There’s a familiar story about the history of modernity and mathematics — a story that Ray Schrire, a historian and Azrieli Early Career Faculty Fellow at Tel Aviv University, believes is mostly wrong. It goes like this: in premodern Europe, people practised premodern math. Merchants and shopkeepers managed their books with Roman numerals, but these weren’t numbers, at least as we understand them. They were more like codes or coordinates — a set of instructions that would tell you how to move beads around on an abacus or slide a token around a table.
For the average bookkeeper, mathematics was less a system of abstract thought than a set of practices. If you kept diligent records and used your abacus well, you could perform basic calculations and get the results you were seeking. But people had limited insights into what they were doing: performing calculations is different from understanding them. And medieval practitioners couldn’t get their heads around exponents, infinite series or negative numbers. Tellingly, there is no Roman numeral for zero. Why would there be? You can’t move zero beads from one abacus rung to another.
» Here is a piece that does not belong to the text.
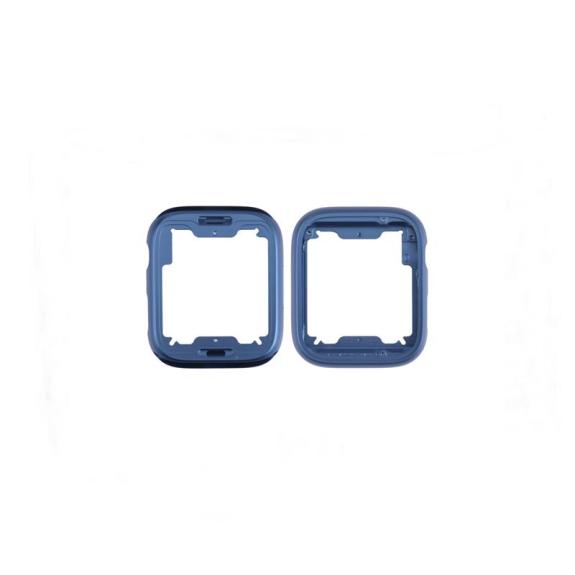 Marco para Apple Watch Series 7 41mm azul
In the early-modern era (the period beginning in the late 15th century and ending with the dawn of the 18th century), everything changed, or so the story goes. Europeans abandoned Roman numerals for the Hindu-Arabic notational system we still use today, and they adopted written arithmetic, a practice imported from the Middle East. Some of the smartest thinkers in the West — Isaac Newton, Blaise Pascal, Gottfried Leibniz — began pushing mathematics into abstract territory, inventing entire disciplines that hadn’t existed before. And thanks to the advent of global capitalism, members of the European professional classes suddenly found themselves calculating dividends, compound interest rates and insurance premiums. These new ideas quickly proliferated, making ordinary working people more sophisticated, more capable of abstract thought — in a word, more modern — than their medieval forebears had been. A commercial and industrial revolution gave rise to a cognitive one.
Or did it? Schrire isn’t convinced. He has studied the documents left behind by early-modern professionals — poring over account books and bills of sale from merchants, shopkeepers, land surveyors and notaries — and been surprised by what he found. Or rather, what he didn’t find.